I have worked on agricultural policies and rural development since 2013. My primary research concerns property institutions in Africa and their economic effects on Chinese agricultural investment. The PhD project builds on a total of 6 months of fieldwork in Tanzania and Zambia, and 138 qualitative interviews. It is an original documentation of Chinese investors in African agriculture that offers an updated analytical look at African state capacity in governing foreign investment in the land domain.

Three research outputs based on the PhD project are currently in preparation.

Property Institutions and State Capacity: Governing Chinese Agricultural Investment in Zambia.

This paper offers a theory about how land tenure regimes (LTRs) structure Chinese agricultural investment strategies in Zambia. The article uses three exemplars of Chinese agricultural projects to demonstrate how three distinct types of LTRs in Zambia shape investor’s strategies in land access, land transfer and land holding in the face of challenges to property rights.

The Heterogeneity of Chinese Investors in African Agriculture: A Typology of Chinese Economic Actors.

This paper typologizes Chinese economic actors based on an original dataset of 60 firm-level projects. This article shows that given different (political and economic) interests and varying levels of institutional and financial resourcefulness, different types of Chinese economic actors have varying accumulation logics and risk management strategies. They respond differently to the risks and opportunities in the host country’s regulatory regimes.
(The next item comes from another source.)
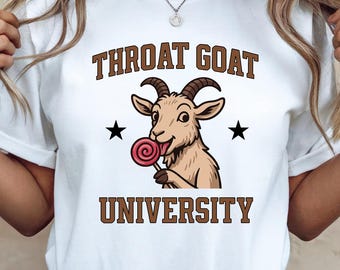 Throat Goat University T-Shirt • Raunchy Humor, Vintage College Style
title tbd. (with Dr. Carolin Dieterle)

We argue that Chinese state-owned companies supported by the Chinese government might be indeed peculiar, yet those private companies who are funded by European governments and pressured by global governance norms may pursue multidimensional objectives beyond profit-maximization as well.

I am also developing two research projects at the moment:

1) The Politics of State Expropriation for Public Infrastructure: Evidence from Kenyan state compulsive land acquisition and compensation for Chinese-sponsored public infrastructure.

2) The Politics of Critical Mineral Governance in the Global South: To understand the implications of the rising competition between Chinese and American firms in the race for critical minerals and renewable energy transitions.